- _Task brief_
Leave out the pictures and retype exactly the lines from the line with "With Chain /" through the end of the listing below.

-- -- --

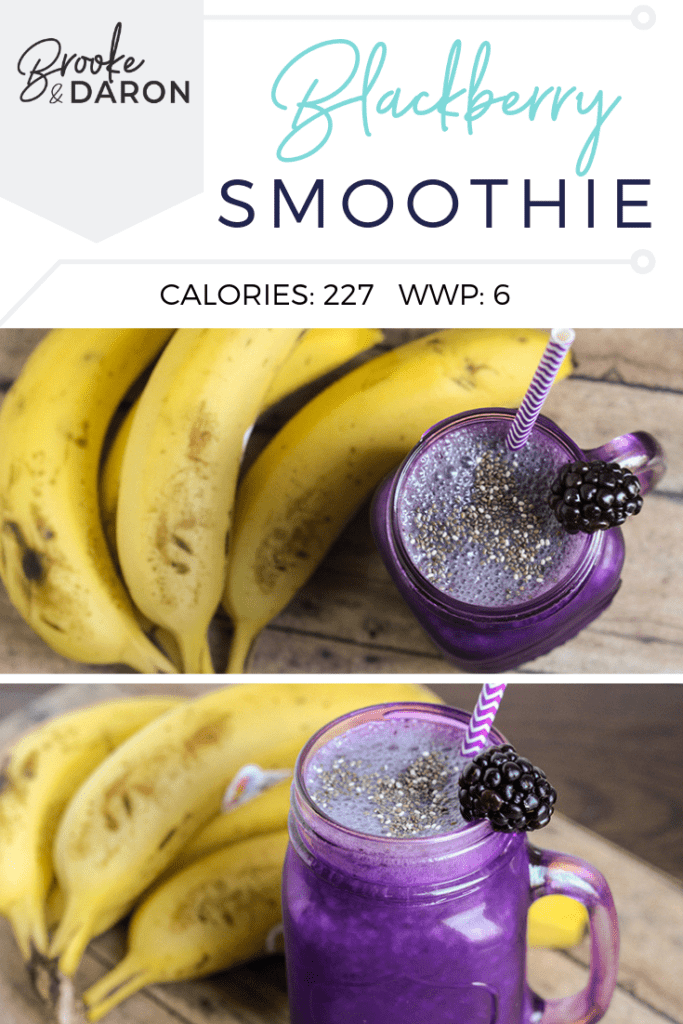 Collage picture of making blackberry smoothie recipe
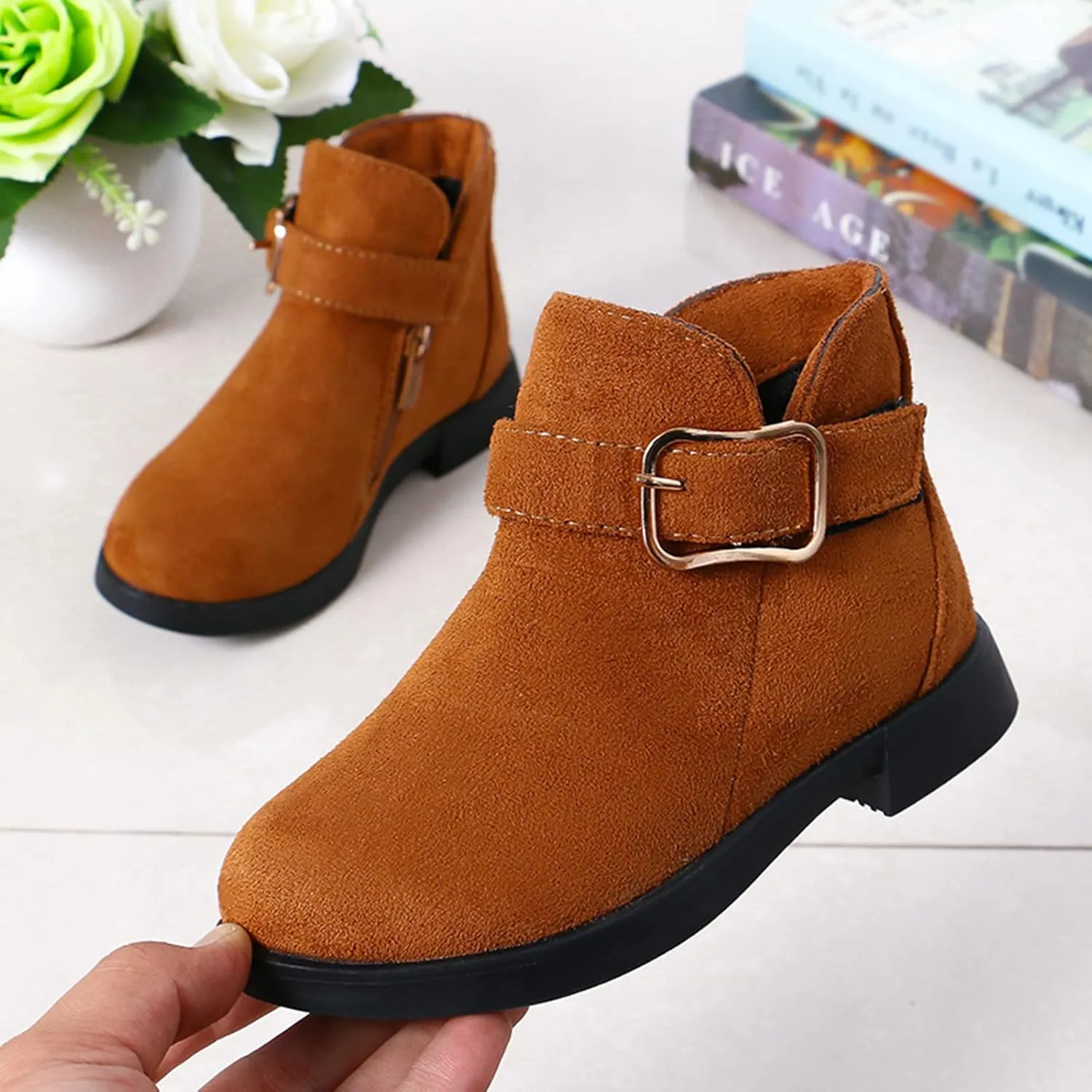 Girl Boots Kids Ankle Boots Warm Side Zipper Boots Low Heel Short Booties Winter Snow Boots Toddler Anti-Slip Shoes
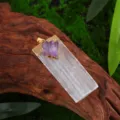 With Chain / Natural Selenite Amethyst Pendant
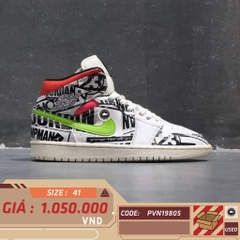 AIR JORDAN 1 LOW WHITE - 554724-119 - SIZE 41  GIÀY 2HAND CHÍNH HÃNG - PVN19805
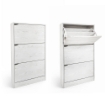 SCARPIERE A 3 ANTE CON PANNELLO RETROSTANTE IN MDF COLORE BIANCO LEGNO MISURA 63X24X115 CM LINEA HARMON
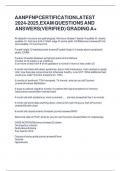 AANP ACTUAL EXAM QUESTIONS LATEST UPDATE 2024 WITH CORRECT DETAILED AND VERIFIED ANSWERS&sol;A&plus; GRADE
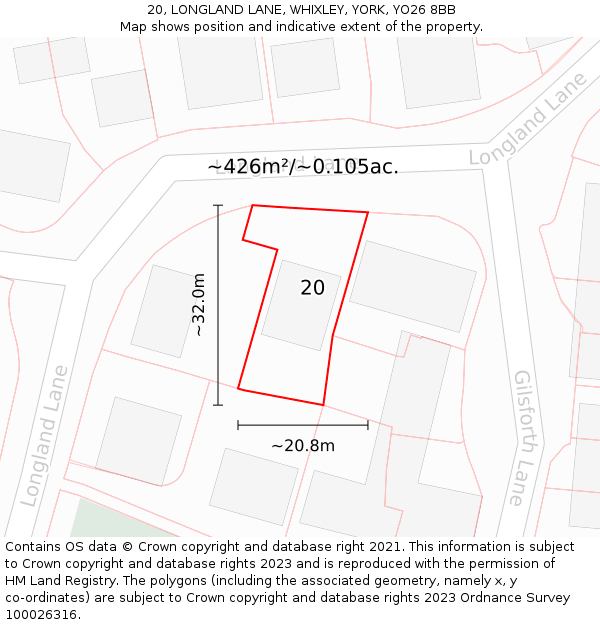 20, LONGLAND LANE, WHIXLEY, YORK, YO26 8BB: Plot and title map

-- -- --

- _The completed task_
 With Chain / Natural Selenite Amethyst Pendant
 AIR JORDAN 1 LOW WHITE - 554724-119 - SIZE 41  GIÀY 2HAND CHÍNH HÃNG - PVN19805
 SCARPIERE A 3 ANTE CON PANNELLO RETROSTANTE IN MDF COLORE BIANCO LEGNO MISURA 63X24X115 CM LINEA HARMON
 AANP ACTUAL EXAM QUESTIONS LATEST UPDATE 2024 WITH CORRECT DETAILED AND VERIFIED ANSWERS&sol;A&plus; GRADE
 20, LONGLAND LANE, WHIXLEY, YORK, YO26 8BB: Plot and title map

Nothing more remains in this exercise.